The federal judge presiding over the classified documents case against former US president Donald Trump in Florida dismissed the prosecution on Monday, siding with defence lawyers who said the special counsel who filed the charges was illegally appointed by the justice department.
The decision by US district judge Aileen Cannon, which can be appealed against and may be overruled by a higher court, brings at least for now a stunning and abrupt conclusion to a criminal case that at the time it was filed was widely regarded as the most perilous of all the legal threats the Republican former president confronted.
Though the case had long been stalled, and the prospect of a trial before the November election was an unrealistic scenario, the judge’s order is a mammoth legal victory for Mr Trump as he recovers from a weekend assassination attempt and prepares to accept the Republican nomination in Milwaukee this week.
It is the latest stroke of good fortune in the four criminal cases Mr Trump has faced.
Though he was convicted in May in his New York hush money trial, the sentencing there has been postponed after a Supreme Court opinion that conferred broad immunity on former presidents.
That opinion will result in significant delays in a separate case brought by Mr Smith charging Mr Trump with plotting to overturn his 2020 presidential election loss to Democrat Joe Biden.
Another election subversion case filed by prosecutors in Atlanta has been delayed by disclosures of a romantic relationship between the district attorney and a special prosecutor.
In a statement on his social media platform, Mr Trump said that the dismissal “should be just the first step” and that the three other cases, which he called “Witch Hunts”. should also be dismissed.
He had faced dozens of felony counts accusing him of illegally hoarding classified documents at his Mar-a-Lago estate in Palm Beach, Florida, and obstructing FBI efforts to get them back.
He had pleaded not guilty and denied wrongdoing.

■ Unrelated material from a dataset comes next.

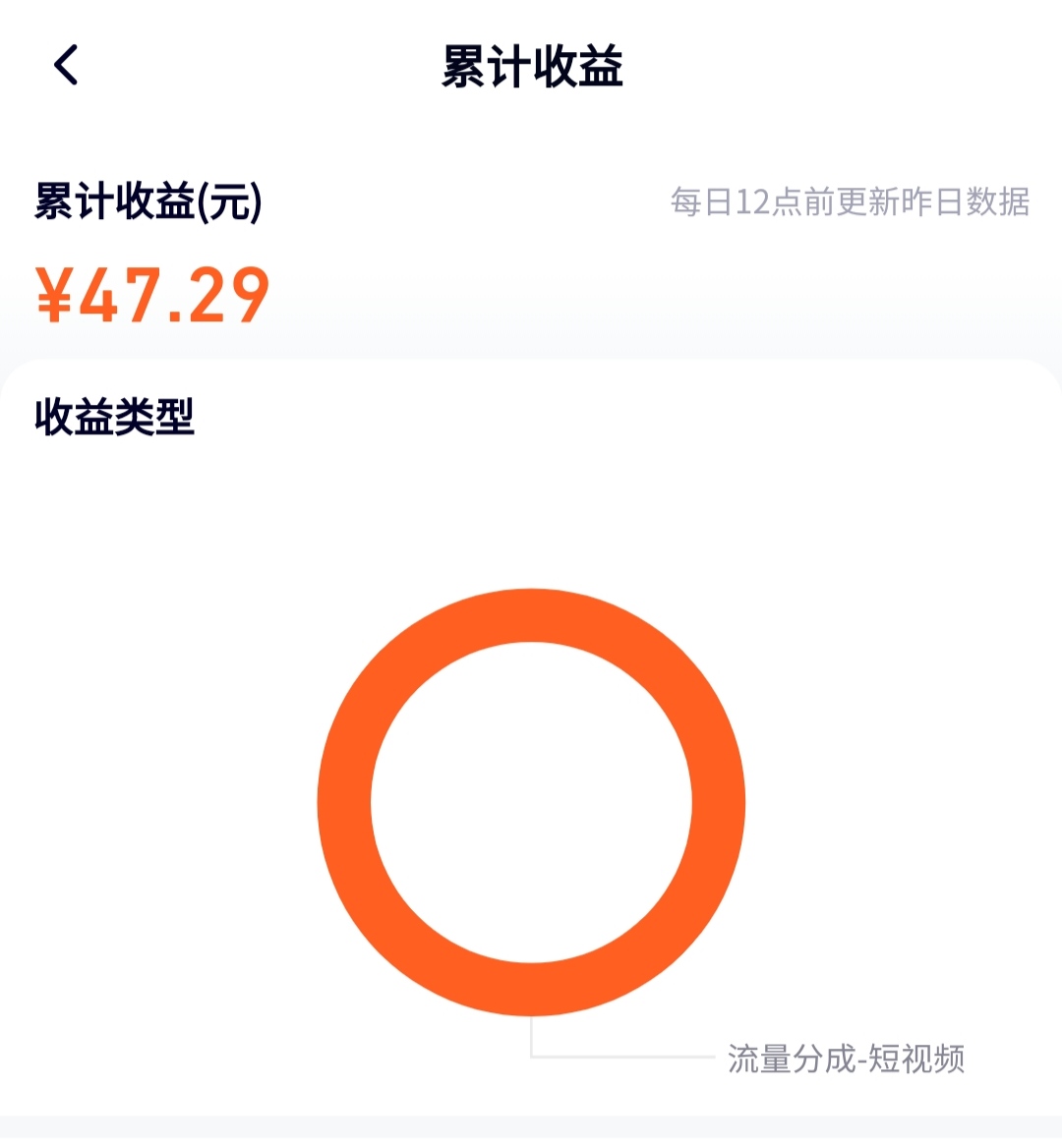 最新腾讯视频创作者原创视频搬运项目，单号一天轻松几十元【伪原创软件+详细操作教程】-小编推荐,最新腾讯视频创作者原创视频搬运项目，单号一天轻松几十元【伪原创软件+详细操作教程】,最新腾讯视频创作者原创视频搬运项目,单号一天轻松几十元【伪原创软件+详细操作教程】,第3张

Defence lawyers filed multiple challenges to the case, including a legally technical one that claimed special counsel Jack Smith had been illegally appointed under the Constitution’s appointments clause because he was appointed by attorney general Merrick Garland, rather than being confirmed by Congress, and that his office was improperly funded by the justice department.
“The special counsel’s position effectively usurps that important legislative authority, transferring it to a head of department, and in the process threatening the structural liberty inherent in the separation of powers,” Ms Cannon wrote in a 93-page order granting a defence request to dismiss the case.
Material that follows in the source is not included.